START Data supplied

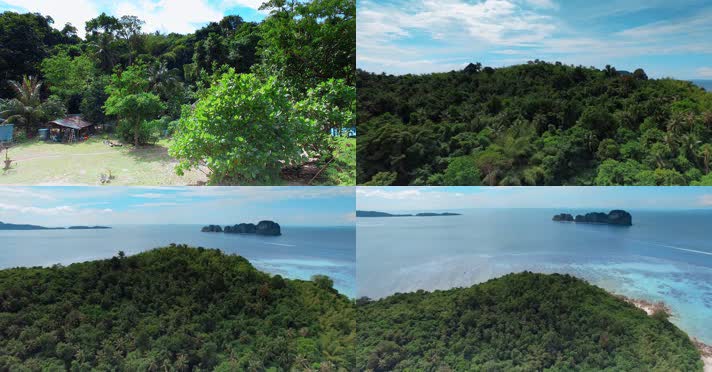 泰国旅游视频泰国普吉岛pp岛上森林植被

END Data supplied
START Data supplied

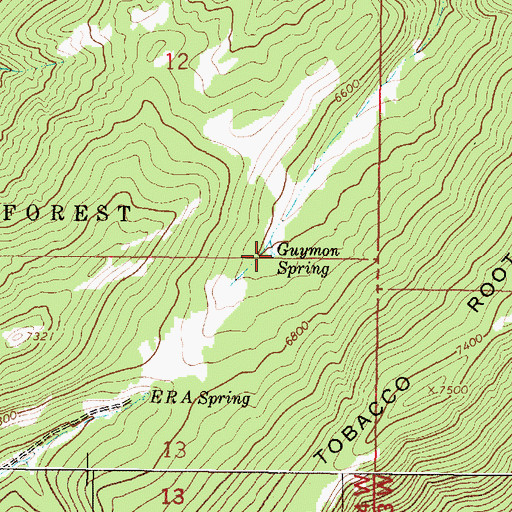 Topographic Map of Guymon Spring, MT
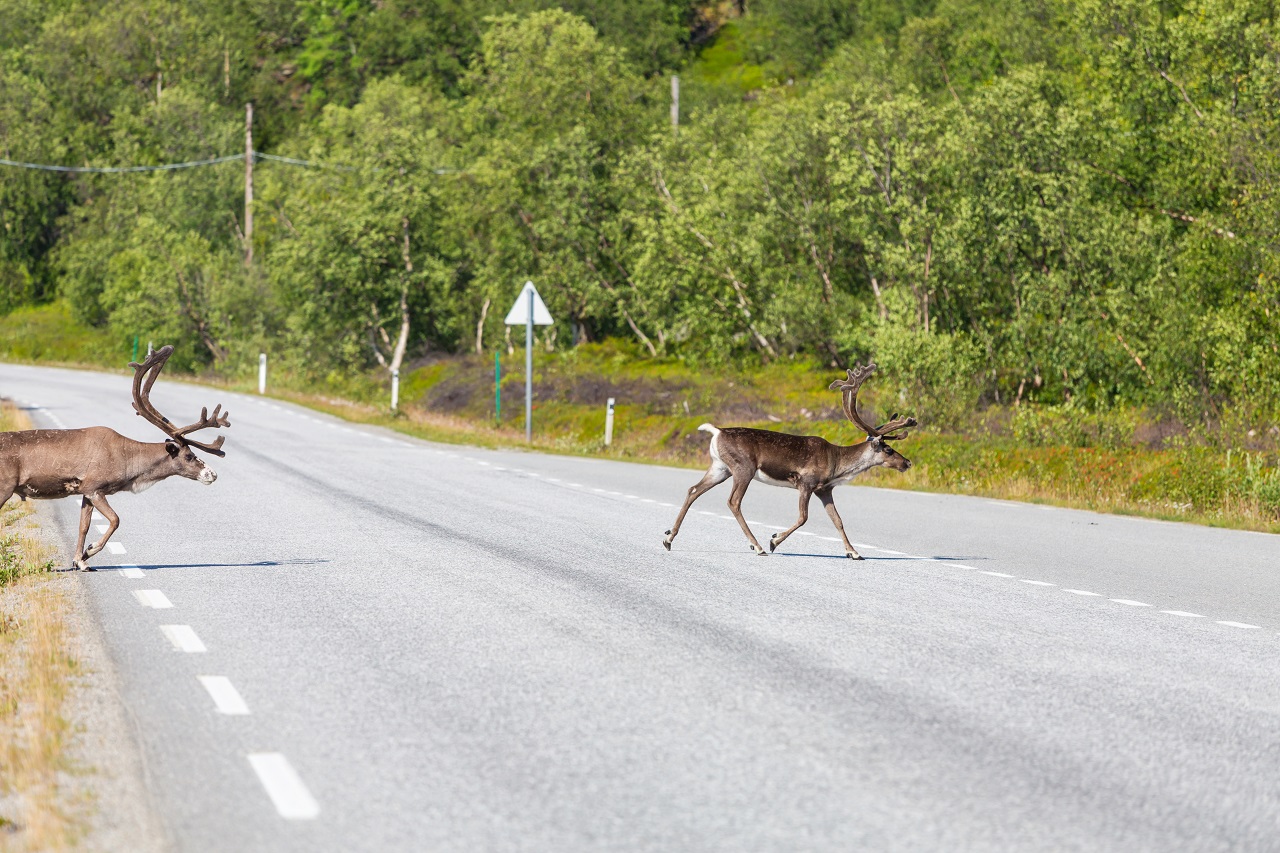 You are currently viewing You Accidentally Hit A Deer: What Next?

END Data supplied

Exercise objective ▸
Extract from the material above the stretch running from the line containing "Topographic Map of Guymon Spring, MT" through the line containing "You are currently". Keep the text exact and the pictures out.

Answer to the problem ▸
 Topographic Map of Guymon Spring, MT
 You are currently viewing You Accidentally Hit A Deer: What Next?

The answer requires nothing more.